We will need to add something about the archiving requirements, space expected to be needed, backup, reliability, how users find information, i.e. cataloguing, discovery etc. The amount of data saved can vary enormously depending on what is collected, with what granularity and for how long. The amount of storage may be driven by budget/costs. Also whether it is kept on tape vs. disk and how long it is available needs some thought. Fred has about 30TBytes of data stored. May follow NLANR/CAIDA datacube model to make the information available.
There was a discussion of using GPS to get accurate time synchronization, i.e. more accurate than is available with NTP. There was concern about deploying GPS and the need to get aerials installed etc. It was agreed that we do need to be able to synchronize the timing and should specify what the synchronization accuracy should/will be assuming we will start out with NTP only.
It was agreed that we should continue to collect the XIWT PingER data, and make it available.
So the next step is to flesh out the proposal, and then to shop it around to members to solicit interest. Particular/possible members would include those running networks and/or transiting traffic (e.g. Verio/NTT, ATT), a broad band/dial-up center (e.g. EarthLink, ENRON) site, a content site (e.g. WestGroup, Intel does web hosting), a corporate network (one would be of interest, more would be better so can compare and validate, e.g. does the corporation do a lot of tunneling, streaming, how does small company compare with large), a hosting site (e.g. Exodus), a wireless provider (e.g. Bell South, AT&T or Ericsson customers, perhaps SBC or Verizon might be interested), an ecommerce site, a research high performance computing site (e.g. SLAC) would be good participants. Such companies have resources that may be added to the proposal. We feel we can be successful with a fairly small but diverse deployment. Then one would assess interest, get an idea of what people are interested in doing. Is there value to members who do not/cannot deploy the probes on the WAN, e.g. deploy tools internally/privately/non-sharing of data on their LAN. Getting participation (of people willing to install etc.) is a key ingredient to moving forward. Is there a minimal target of participants? Then get together a phone conference to see who will really proceed. Then go for an extended seminar, say in January, for people signing up. Then go to DARPA to redirect the proposal. Fred has a lot of requests for access to his repository, this could be made available via the current proposal umbrella. It would be interesting to use this data to illustrate some applications such as web streaming, or traffic mixes at various places.
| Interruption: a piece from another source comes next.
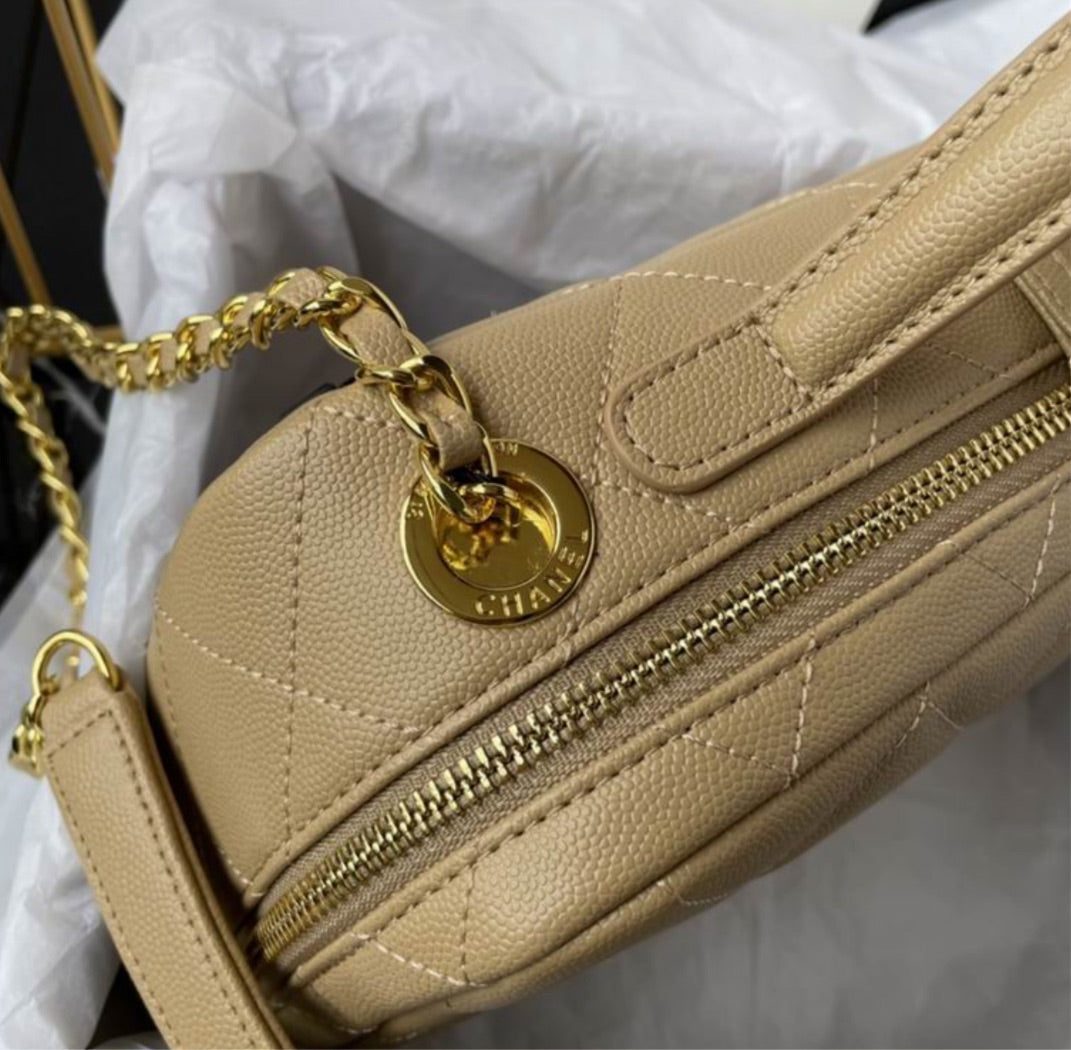 Light coco Chanel new handbag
Another question orthogonal to benefits seen by participants is what are the requirements that a member has to ante up in order to participate. For example: meeting/workshop participation, release of data, dataset subscription to selected data available early on, locating a probe with access to network, providing ssh access for administration. What does it take to be a participant, active vs. passive participants.
A timeline was proposed:
DARPA wants the data to drive models, to validate models. It may be necessary to send out an email to the DARPA modeling PI folks saying this is the data we are hoping to capture and make available, is it useful to you, in what form, does it need extending either in location or in what is measured, how should it be aggregated. IPv6 is another possible area to expand into especially for the wireless folks. Wireless traces would be very interesting for the DARPA community. Another interest is deducing throughput from loss and delay measurements made passively and compare with active measurements.